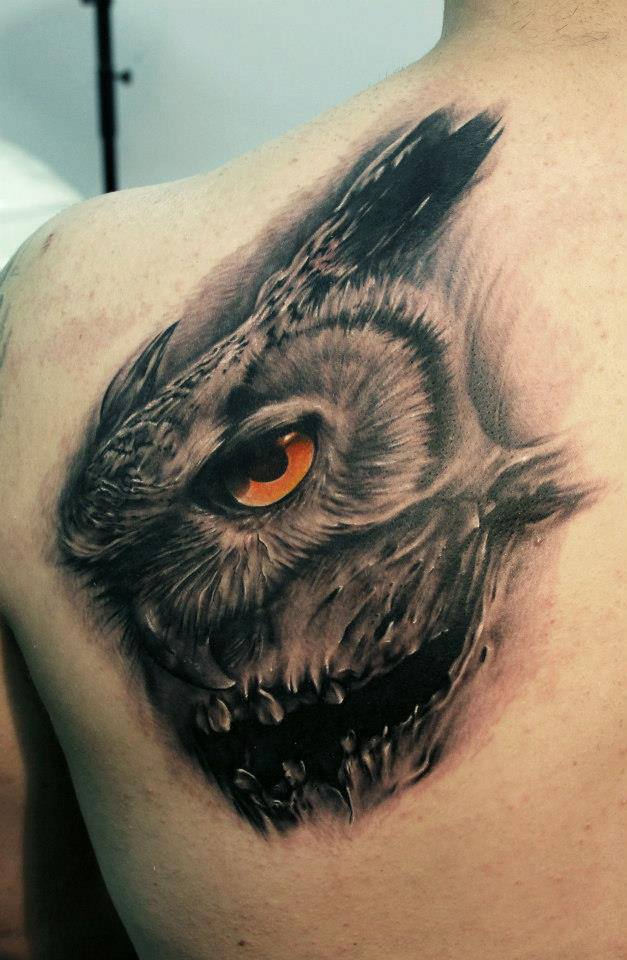 Black And Grey 3D Owl Face Tattoo On Left Back Shoulder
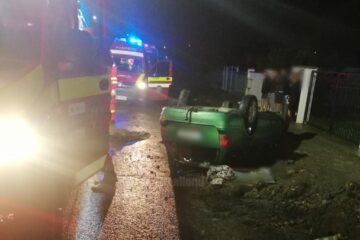 Doi tineri găsiți încarcerați în mașina care s-a răsturnat, la Ipotești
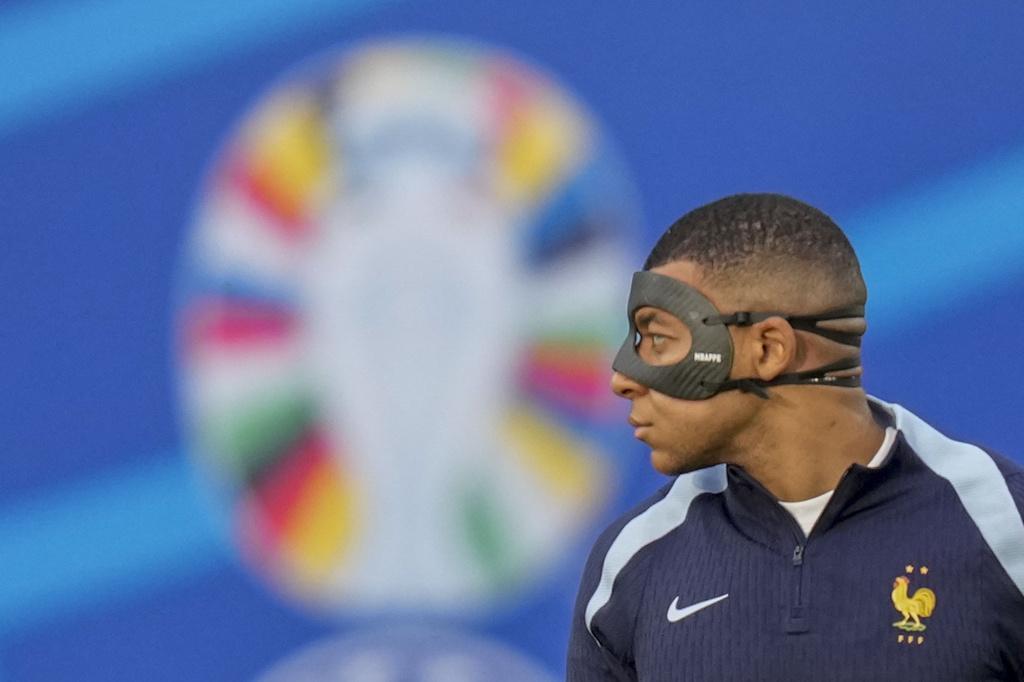 基利安麥巴比於昨天訓練,以及今天開賽前都有戴面罩。(美聯社)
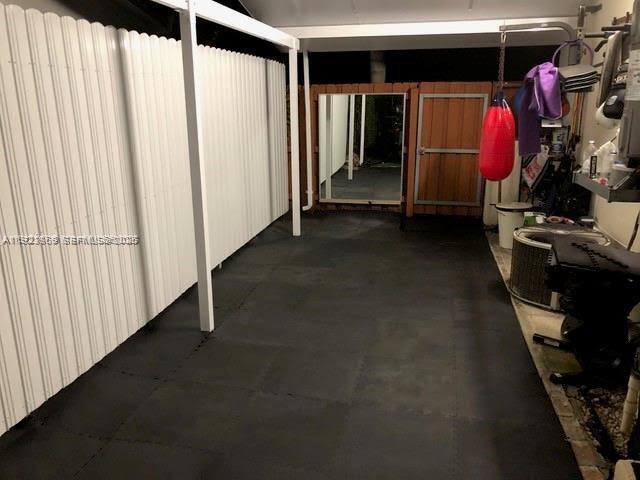 Building Photo - 6300 SW 48th St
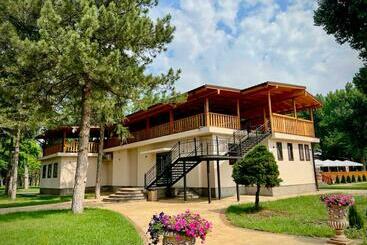 بنسيون Paradise Park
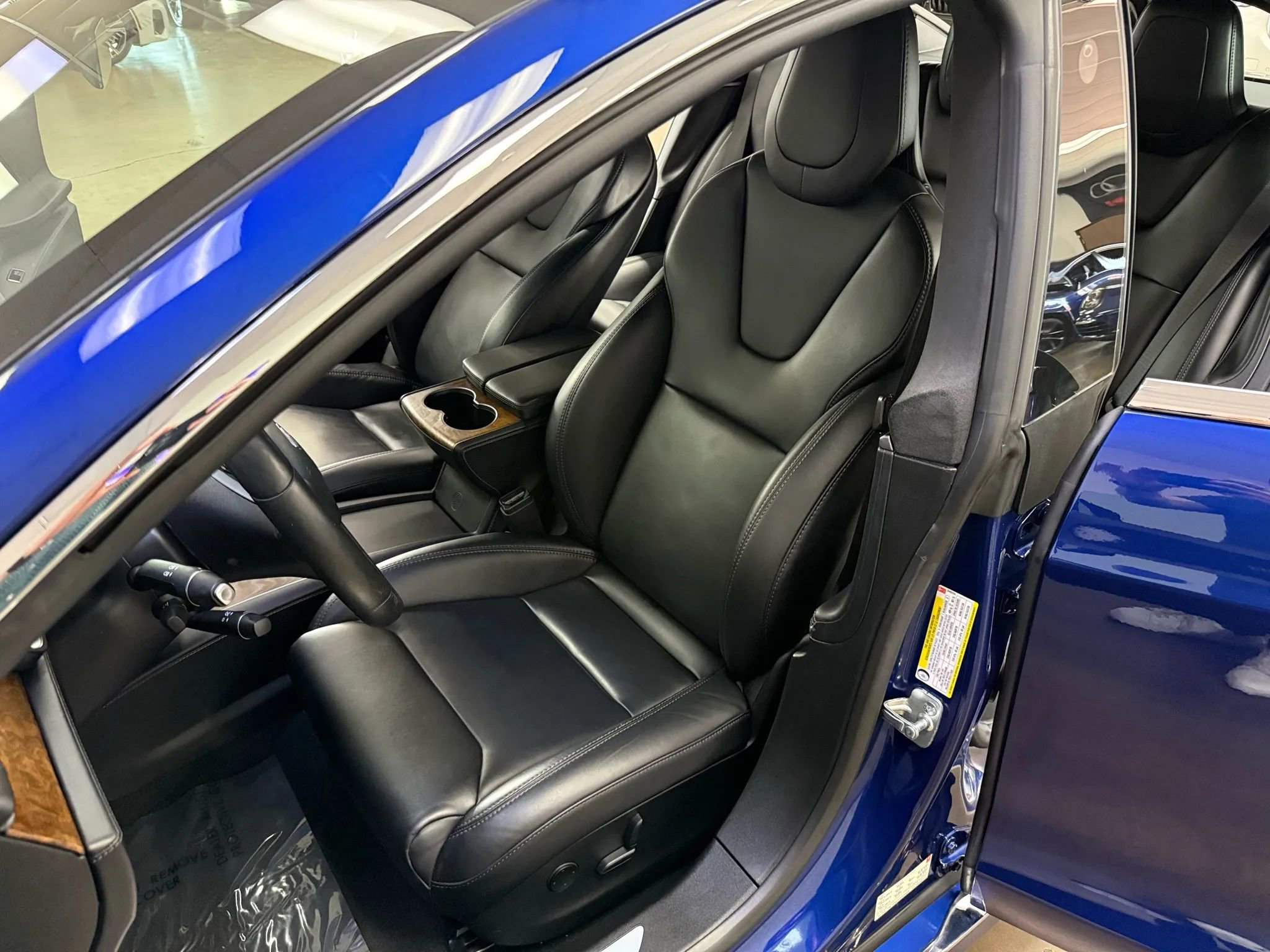 Used 2019 Tesla Model S Standard Range image 14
· · · · ·
→ TASK BRIEF
Retype the records above line for line and exactly, omitting their pictures.

→ ANSWER FOR THIS EXERCISE
 Black And Grey 3D Owl Face Tattoo On Left Back Shoulder
 Doi tineri găsiți încarcerați în mașina care s-a răsturnat, la Ipotești
 基利安麥巴比於昨天訓練,以及今天開賽前都有戴面罩。(美聯社)
 Building Photo - 6300 SW 48th St
 بنسيون Paradise Park
 Used 2019 Tesla Model S Standard Range image 14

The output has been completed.